Scraped caption text data:
__________

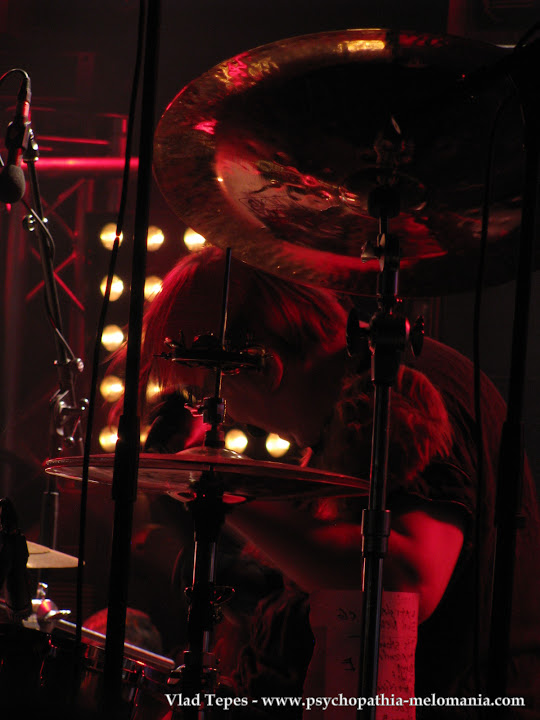 The Melvins @ Hellfest 2011 - Vendredi 17/06/2011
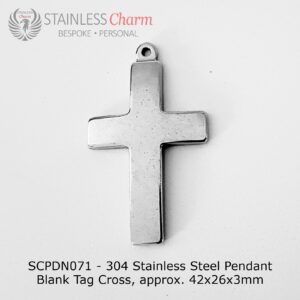 Stainless Steel Pendant
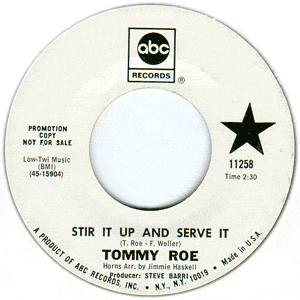 Stir It Up and Serve It/ Firefly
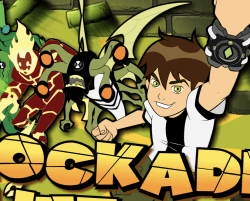Ben 10 Vilgax`tan Kaçış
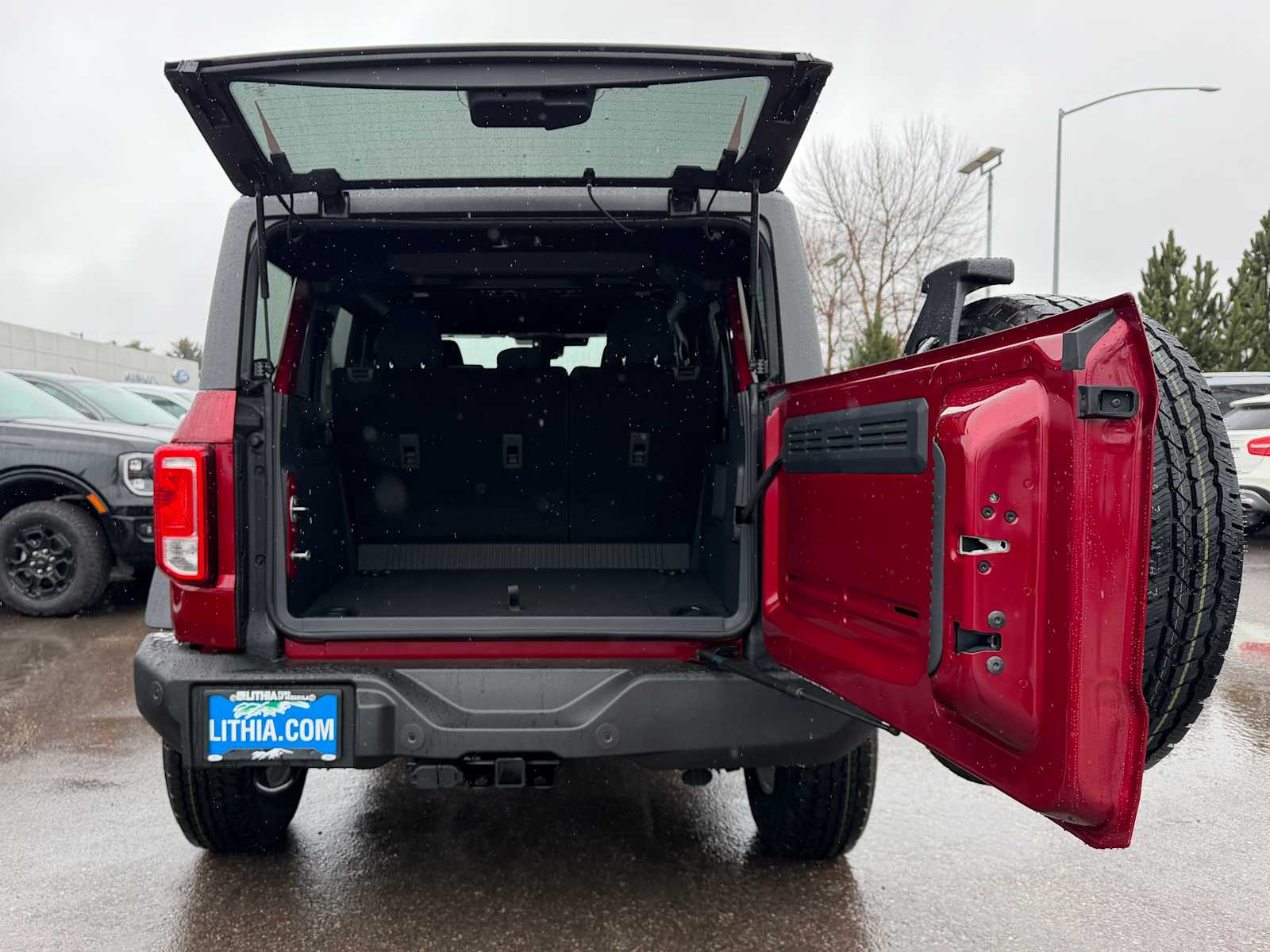 Thumbnail: 2026 Ford Bronco - 9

__________

# EXERCISE DETAILS
What is needed is an exact repeat of every entry above, with the pictures left out.

# SOLUTION FOR THIS PROBLEM
 The Melvins @ Hellfest 2011 - Vendredi 17/06/2011
 Stainless Steel Pendant
 Stir It Up and Serve It/ Firefly
Ben 10 Vilgax`tan Kaçış
 Thumbnail: 2026 Ford Bronco - 9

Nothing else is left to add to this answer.